顔に出すぎではないだろうかと思うと、ヴィクター様は言った。
「申し訳ない。つい、妹が心配なあまり軽率な行動を取ってしまった。申し訳ない」
『憧れのアシェル殿に、注意された! っくぅ。筋肉修業が足りなかった。完璧な王子であるアシェル殿の足元にも俺は及ばないのか』
「わかってくれればいいのです。ここからは忙しくなります。ヴィクター殿は古竜の対応へ参加するのでしょう? 私もおおよその割り振りが終わればそちらへ参加する予定です。サラン王国の周辺には噴火する火山はないようだったので」
『ヴィクター殿がどのような人物なのか、未だにつかめないなぁ。むぅ。エレノア。大丈夫? 彼は、君に好意を寄せて、言い寄っていたわけではないんだよね?』
その言葉に私は小さくうなずいて見せた。
どちらかというとヴィクター様が言い寄りたい相手はアシェル殿下の方だと言ってもいいのだろうかと悩む。
ヴィクター様の恋心に、私が介入してはいけないだろう。
アシェル殿下を渡す気はないけれど、それでも人の恋心をどうこう出来るものでもしていいものでもない。
その人の気持ちはその人だけのものだ。
私だって、アシェル殿下のことが好きだから、ヴィクター様の好きな人と喋りたいとか、一緒にいたいという気持ちはよくわかる。
ヴィクター様はアシェル殿下の言葉に瞳を輝かせた。
「つまり、共闘できるということか! はははっ! 嬉しい限りだ。アシェル殿。どうぞよろしく頼む!」
『共闘! 筋肉のぶつけあい!』
ただ、筋肉については共感は出来なかった。
「あと、その、アシェル殿。よければこの戦いが終わった後、一緒に、出掛けたりしたいのだが……」
『アシェル殿と会える機会など中々ない! この機会を逃したくはない』
「え?」
『分からない。え? ヴィクター殿は一体何を考えているの? え? わかんないよ!』
心の中で大混乱するアシェル殿下にヴィクター様は一歩詰めると、少し鼻息荒く言った。
「長らく会えなかった友と、是非語らい合いたいのだ!」
『アシェル殿! この燃え滾る俺の想いを聞いてほしい!』
私は二人きりは絶対にダメだと思い、アシェル殿下の腕をぎゅっと抱き込むと声をあげた。

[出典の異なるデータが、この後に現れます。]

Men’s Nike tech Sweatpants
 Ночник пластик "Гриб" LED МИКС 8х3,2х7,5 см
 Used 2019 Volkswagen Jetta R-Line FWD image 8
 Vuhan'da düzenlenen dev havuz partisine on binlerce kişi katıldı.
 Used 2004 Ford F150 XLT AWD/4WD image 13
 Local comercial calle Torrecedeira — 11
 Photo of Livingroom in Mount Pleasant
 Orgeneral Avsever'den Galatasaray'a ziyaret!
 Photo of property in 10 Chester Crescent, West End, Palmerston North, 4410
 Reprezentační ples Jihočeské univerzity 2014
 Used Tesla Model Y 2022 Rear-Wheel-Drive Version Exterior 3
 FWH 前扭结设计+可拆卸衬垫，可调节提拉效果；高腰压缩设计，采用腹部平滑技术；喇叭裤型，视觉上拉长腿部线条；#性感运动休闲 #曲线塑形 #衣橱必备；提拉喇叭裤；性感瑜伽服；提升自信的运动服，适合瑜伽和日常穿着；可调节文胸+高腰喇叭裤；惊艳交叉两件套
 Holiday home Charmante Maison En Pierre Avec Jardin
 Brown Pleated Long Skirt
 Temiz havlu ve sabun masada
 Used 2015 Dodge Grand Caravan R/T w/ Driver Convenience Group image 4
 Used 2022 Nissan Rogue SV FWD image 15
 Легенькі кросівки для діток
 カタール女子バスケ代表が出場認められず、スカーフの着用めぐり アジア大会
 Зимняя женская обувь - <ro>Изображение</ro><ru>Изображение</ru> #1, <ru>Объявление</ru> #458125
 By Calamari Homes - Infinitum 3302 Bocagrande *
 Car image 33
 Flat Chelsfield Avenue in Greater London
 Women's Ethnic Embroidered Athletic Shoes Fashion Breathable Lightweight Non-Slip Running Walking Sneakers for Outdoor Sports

「ぜ、ぜひ私もそのような機会があればご一緒したいですわ」
体格で言えばヴィクター様は筋骨隆々であり、アシェル殿下よりも逞しいように思える。
女性二人を軽々と抱きかかえられる程の力の持ち主である。もし二人きりにしてアシェル殿下に何かあってはと、私は心臓が変にドキドキとしてしまう。
ヴィクター様は私のことを鋭く睨みつけてくる。
「男同士の場に?」
『エレノア嬢……何故? 筋肉がもしや……エレノア嬢も好きなのか?』
違います。私はスンと心を平静に保とうと表情をどうにか抑える。
「男も女もありませんわ。ヴィクター様とこうやって直接お話しできるのも少しの期間ですし、ぜひご一緒したいと思っただけです」
「エレノア?」
『ちょっと待って。え? え? ヴィクター殿と、話しがしたいってこと? え?』
ちょっと焦ったようにアシェル殿下は目を丸くすると、私とヴィクター様とを行ったり来たりして見つめた後に、眉を下げた。
「待って。だめです。エレノア。うん。だめです」
『わかんないけど、うん、分かんないけど、だめだよ?』
私は恋敵としてヴィクター様とアシェル殿下を二人きりにすることはできないと思っていると予想外の声が聞こえてきた。
『む? ……っふ。もしやエレノア嬢。俺のこの筋肉に惚れたか?』
「え?」
私は頭の中がこんがらがってしまう。
何故かヴィクター様はにやにやと嬉しそうに頬を染め始めた。
『罪な筋肉だ。ふふふ。さすがはアシェル殿の婚約者。いや、婚約者か……エレノア嬢と俺は結ばれぬ運命。俺のこの美しき筋肉に惚れてしまうなんて……なんて罪作りな俺の筋肉』
よくわからない勘違いがヴィクター様の中で生まれ始めており、私はそれ故にヴィクター様を見つめていたのだけれど、アシェル殿下に突然目をふさがれてしまう。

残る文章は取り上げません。